I learned that no matter how much you think you are suffering, there is probably someone that feels a little worse than you. So why not try making them feel better? It was hard in the Emergency room when I was the sick person, but I tried to think of Christ and be more like Him. A nurse had been very serious and a little stressed looking before, and I gave her a compliment (I was buckled over because of the pain so it was about her shoes), but it completely changed her whole countenance. She smiled and it just lit up her whole face. It wasn’t much, but it was the best I could do then. Even though I was in pain, I felt the comforting peace and love from the spirit.

I’m better now, by the way:) Nothing to worry about now.

What was more painful than going to the hospital, was going to my 영등포 ward for the last time. It broke my heart.
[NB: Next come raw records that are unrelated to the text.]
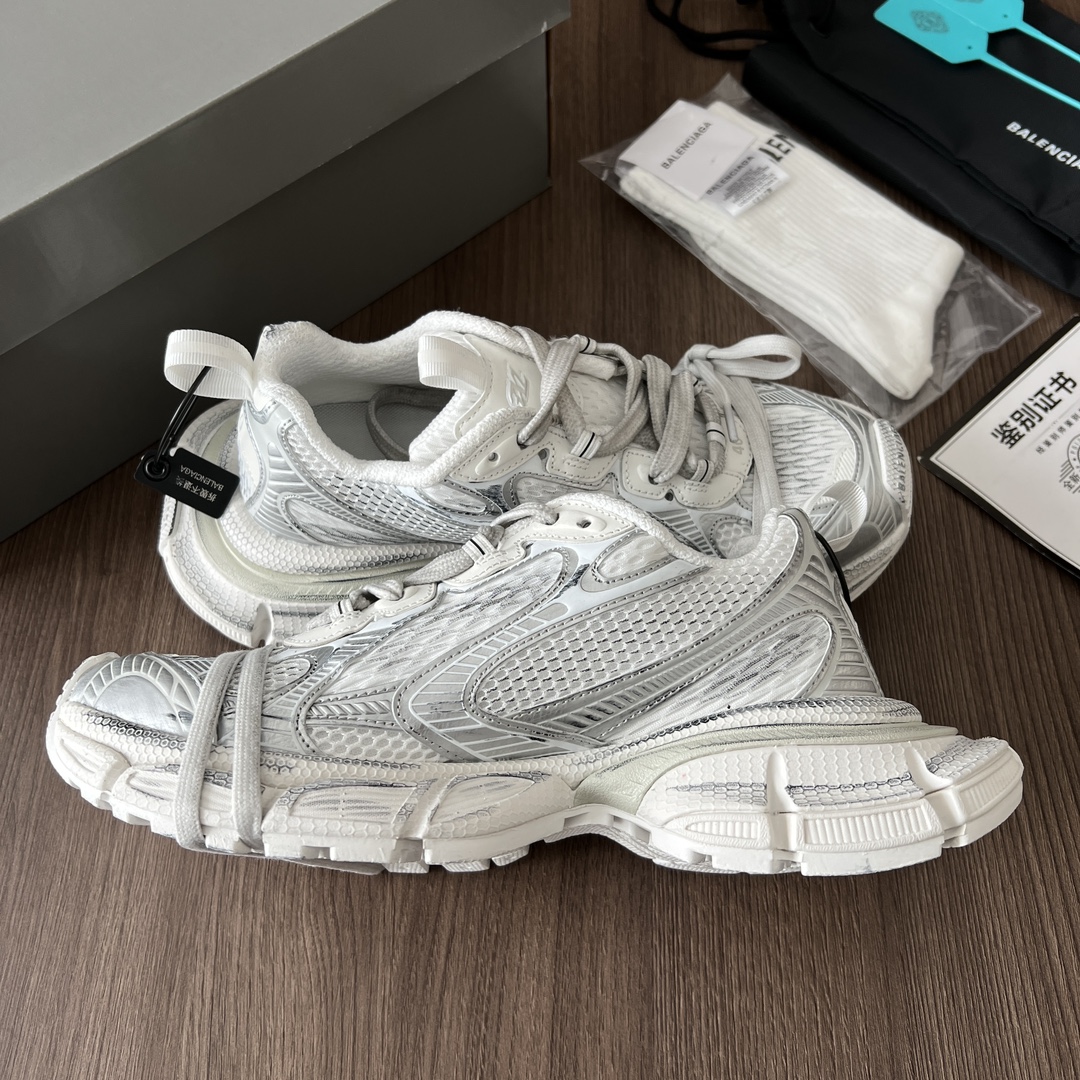 Balenciaga Balenciaga Phantom Sneaker 巴黎世家全新做旧十代白银潮流跑鞋 在延续 Track Trainer 户外轮廓和复杂鞋面结构的同时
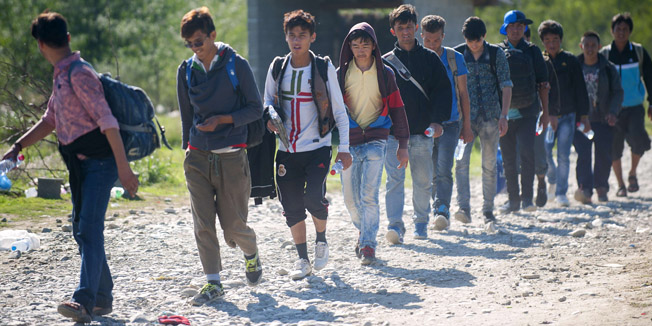 Migrants and refugees arrivr at a registration camp, after crossing the Greek-Macedonia border, near Gevgelija on October 6, 2015. Macedonia is a key transit country in the Balkans migration route into the EU, with thousands of asylum seekers and migrants - many of them from Syria, Afghanistan, Iraq and Somalia - entering the country every day. AFP PHOTO / ROBERT ATANASOVSKI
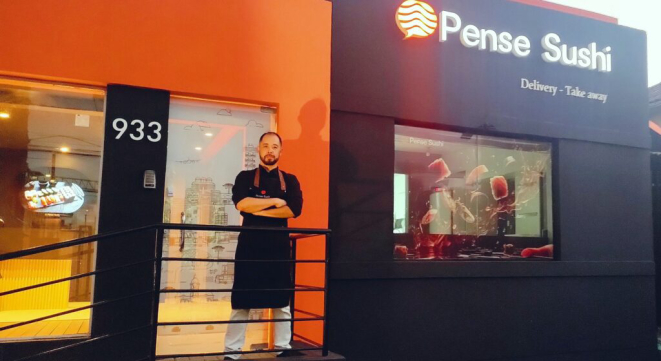 O chef consultor Fernando Wei Man Siu à frente do Pense Sushi, que acaba de inaugurar no Juvevê (quase Ahú). | Foto: Anacreon de Téos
They asked me to give a last talk, and I don’t think my whole time on my mission could have prepared me for the feelings I had as I went up to the podium and looked at the faces of the ward I have worked with for the past 8 months.

I saw every member and I felt like I have come to know them so individually the past months; the deaf members, my recent converts, the less-actives who have started coming back to church, and everyone else that I love so much smiling at me. I looked at them and I just felt so much love for them. I don’t know how I can leave them.

I looked and reflected on everything that has happened in 영등포 and throughout my mission here in Korea. I have grown so much, learned so much, and developed a personal relationship with my savior Jesus Christ. And yet I wish I could do something more to serve the people here, but I’m not sure what.

I know that I served the Lord and worked my hardest. It’s going to be so hard to leave this beautiful country and the food and the people that I love so much here, but I know that a release as a full-time missionary is just a call to serve as a life-long missionary.

I’m excited that this isn’t the end.